Perhaps the most important factor is for the investor to ensure that he or she has an intimate knowledge of the company in which the shares are being traded. Selling shares in a company without information on its products or services, financial performance, research programs and other related areas can be compared to a person crossing a busy road with their eyes closed: they may get to the other side unscathed, but it will be a matter of pure luck and a bad outcome is the more likely result. There are a number of questions to consider when assessing the best time to sell:

  • Is the company due to announce better or worse than expected financial results?
  • Is a new product or service about to be brought to the market that could increase profitability, or has too much money been invested in a product that will not gain sufficient market share?
  • Is the company expanding and hiring new staff, or is it undergoing a period of retrenchment in employee terms?
  • How does the board of directors regard the future of the company?
  • If they are positive, are their positive words backed up by personal investment in the company?
  • Are the directors selling their shares?

All of these questions and many others should be researched before deciding when to sell.

Aside from issues surrounding the company itself, there are a number of external factors that must be considered when selling shares. How is the share performing in relation to the wider market? Have other shares, for instance, recently started to rise while it has not? Is any national or international event imminent which may have an effect on share prices, either the one being sold or share prices in general? An obvious example here is that it would have been much better to have sold banking shares before the recent financial crisis erupted. While it seems no-one suspected the full extent of the crisis, many investors unloaded their banking shares due to their opinion on the unsustainable business models of the banks, and avoided heavy losses as a result.

Share Trading Facts:

These points give a cue to traders as to where prices will head for the day, prompting each trader where to enter his trade, and where to exit.
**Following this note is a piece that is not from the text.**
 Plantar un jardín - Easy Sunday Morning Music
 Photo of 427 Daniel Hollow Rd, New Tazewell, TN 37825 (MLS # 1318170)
Beyond these costs are the opportunity costs of money and time, currency risk, financial risk, and internet, data and news agency services and electricity consumption expenses - all of which must be accounted for.

Although many companies offer courses in stock picking, and numerous experts report success through Technical Analysis and Fundamental Analysis, many economists and academics state that because of the efficient-market hypothesis it is unlikely that any amount of analysis can help an investor make any gains above the share market itself.